* TO DO: Exact copy, no pictures: set down the lines from the one holding "I passeggeri aspettano" through the final line of the records below.

::: TASK INPUTS :::

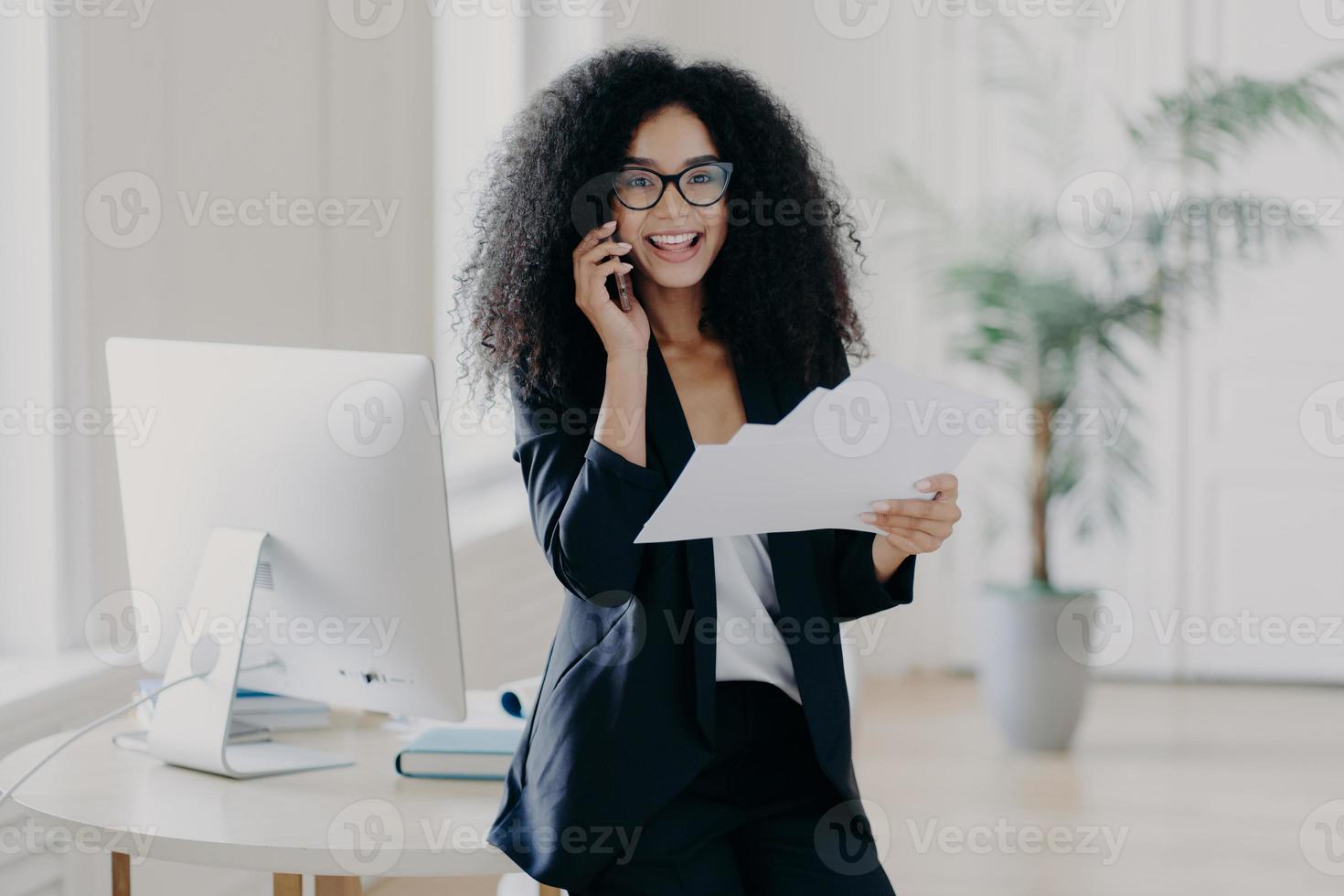 Intelligent woman with Afro hairstyle, holds paper documents, checks information, calls business partner via cell phone, analyzes future strategy, speaks with banking manager, dressed in black suit photo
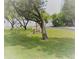 Landscaped common area with mature trees and a park bench at 1674 University Pkwy # 389, Sarasota, FL 34243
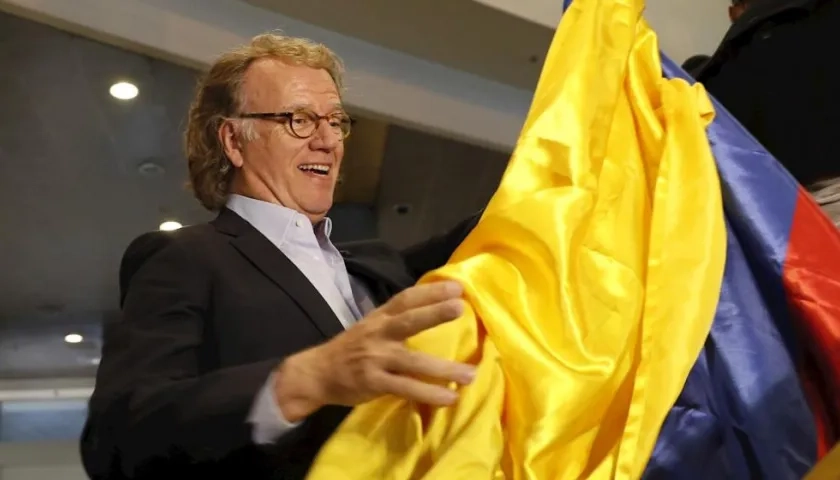 El violinista de Países Bajos André Rieu enarbola este lunes una bandera colombiana tras arribar al Aeropuerto Internacional El Dorado, en Bogotá (Colombia).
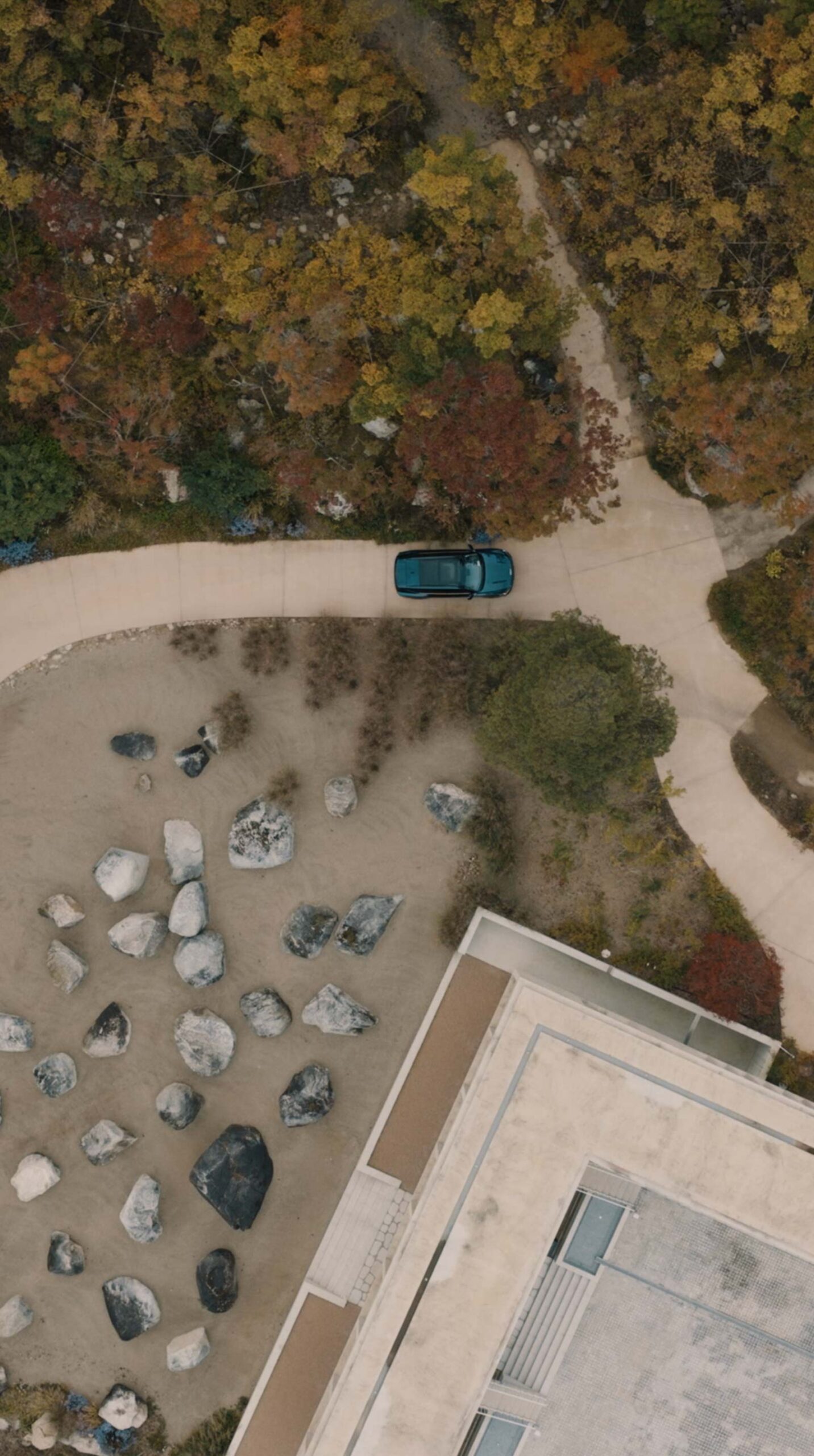 Aerial view of Kia EV5 among Médongaule architecture and autumn gardens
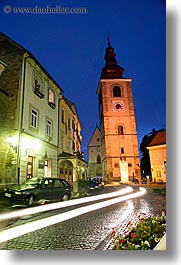 bell towers, buildings, cars, europe, long exposure, motion blur, nite, ptuj, slovenia, streaks, towns, vertical, photograph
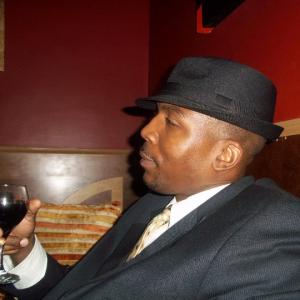 Terence V Steele hosts Lovers Lounge at Churchill Grounds in downtown Atlanta! May 2011 edition Hes sipping on something    we were told its Grape Juice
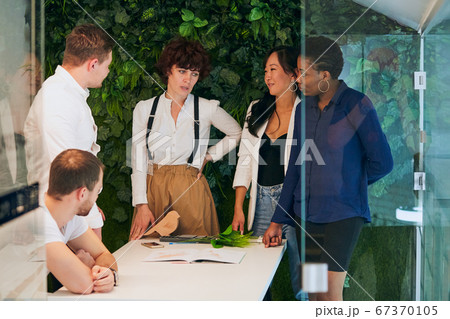 Diverse multiethnic group of young colleagues gathered together in office 67370105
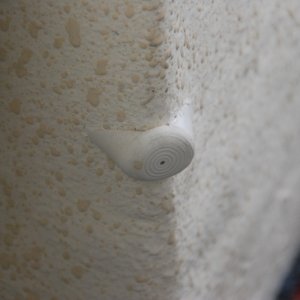 Galley cabinet door bumper made from a pole leg stopper, cut to fit and mounted with 5200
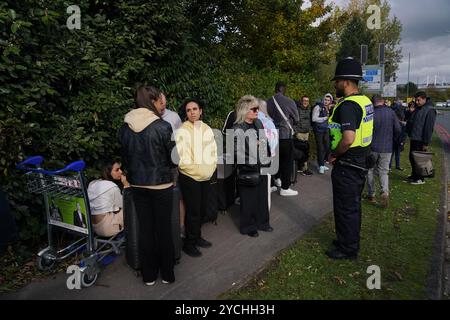 I passeggeri aspettano di entrare nell'aeroporto di Birmingham dopo che è stato evacuato in seguito a un allarme di sicurezza. Data foto: Mercoledì 23 ottobre 2024. Foto Stock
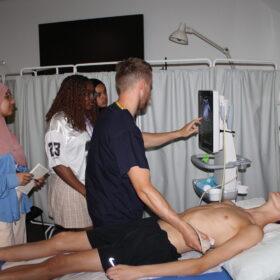 Doctor showing pupils around an ultrasound test.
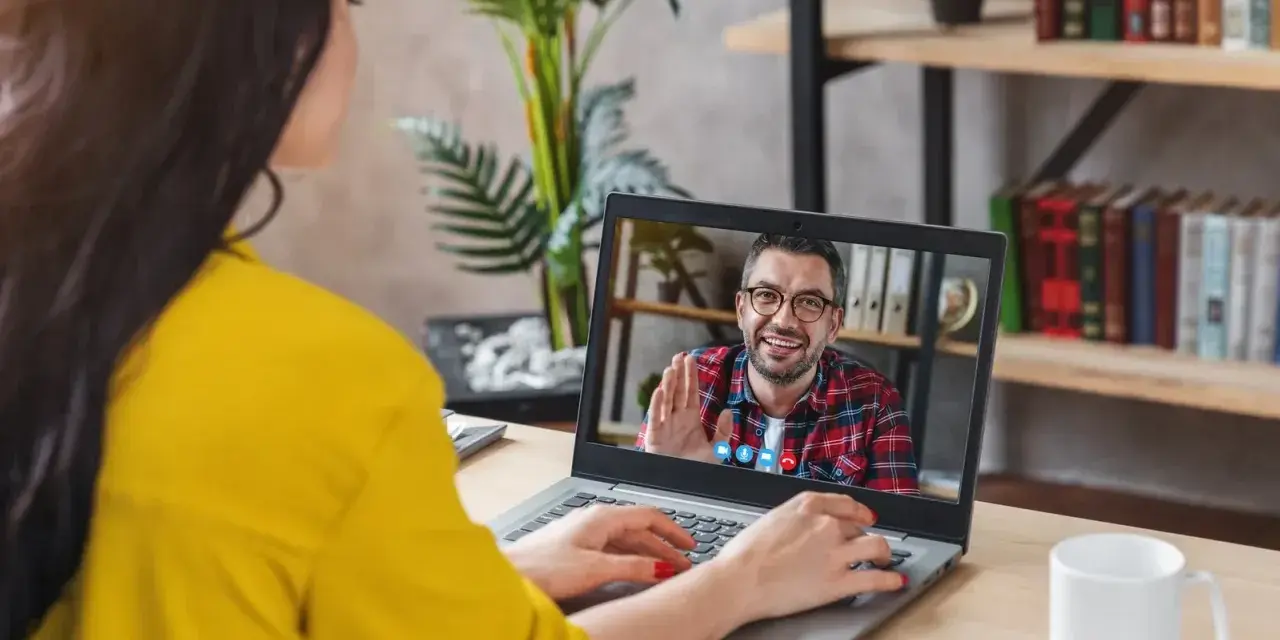 Kobieta na wideo rozmowie z mężczyzną, który uśmiecha się i macha. Może to być konsultacja online, np. test na autyzm.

:::

* SOLUTION TO THE EXERCISE:
 I passeggeri aspettano di entrare nell'aeroporto di Birmingham dopo che è stato evacuato in seguito a un allarme di sicurezza. Data foto: Mercoledì 23 ottobre 2024. Foto Stock
 Doctor showing pupils around an ultrasound test.
 Kobieta na wideo rozmowie z mężczyzną, który uśmiecha się i macha. Może to być konsultacja online, np. test na autyzm.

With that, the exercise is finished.